ODDLY, the most recent General Election is the one of which I have fewest recollections.
The whole campaign, from what I recall, plodded along rather predictably. The only visual “moment” from the national campaign I can think of was of Tony Blair giving Gordon an ice cream cone. Hardly the Prescott punch or Sharron Storer moment.
In Glasgow, I was fighting for the new seat of Glasgow South, Cathcart having been consigned to history by the recent boundary review (although the Holyrood seat retains the name). There was a good, rather than excited, atmosphere in the campaign rooms – a former cafĂ© on Clarkston Road, directly opposite my constituency offices. Every day we would arrive early, push up the metal shutters and wait for the inevitable trickle of constituents – both supportive and hostile – to begin. And every day I would print off a new number and display it in the shop window: the countdown to polling day. This was as much a reminder to activists as voters as to how long we had to complete the tasks of labelling, postering and canvassing we had set ourselves. (And I’ve just remembered that 2005 was the last General Election when candidates in Glasgow could attach posters to lamposts; the council have since banned it, to a mixed response from party activists.)
Despite expectations that Iraq would feature heavily in the campaign, I don’t remember that being the case at grassroots level. It was certainly raised on the doorstep, many times. But most voters for whom Iraq was a barrier to voting Labour were, for the most part, unfailingly polite. And when I asked them how they had previously voted, many of them turned out not to be Labour voters in the first place.
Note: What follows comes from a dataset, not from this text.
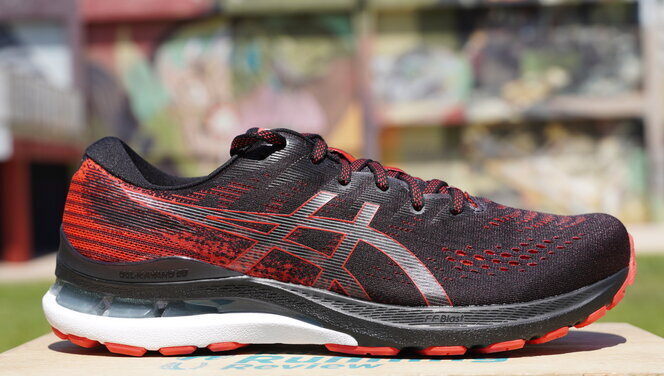 cuatro veces Garganta propietario ASICS Gel Nimbus 23 VS ASICS Gel Kayano 28 - ROADRUNNINGReview.com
It’s a fact that time goes at a fraction of normal speed during election campaigns – well, if you’re a candidate, anyway. So it took about just under two years from the start of the campaign for polling day to arrive. That was hectic, as usual. I was picked up first thing by my campaign manager and taken to the polling station at the end of my road to cast my vote (and no, I’m not telling you who I voted for – it’s a secret ballot). The previous election, when I was first elected, Carolyn came with me to vote and a press photographer captured the moment for posterity. This time round, however, Carolyn was having to balance work and motherhood, so I voted alone.
Over the long day (about 52 hours, give or take) I tried to visit every polling place in the constituency and exchanged a few words with the tellers and the activists (of all parties) standing outside. There’s always a sense of tense calm on polling day itself, an awareness that the arguments are done and dusted, there’s nothing more to be done except await the voters’ verdict. So there’s little point in falling out with your opponents by then.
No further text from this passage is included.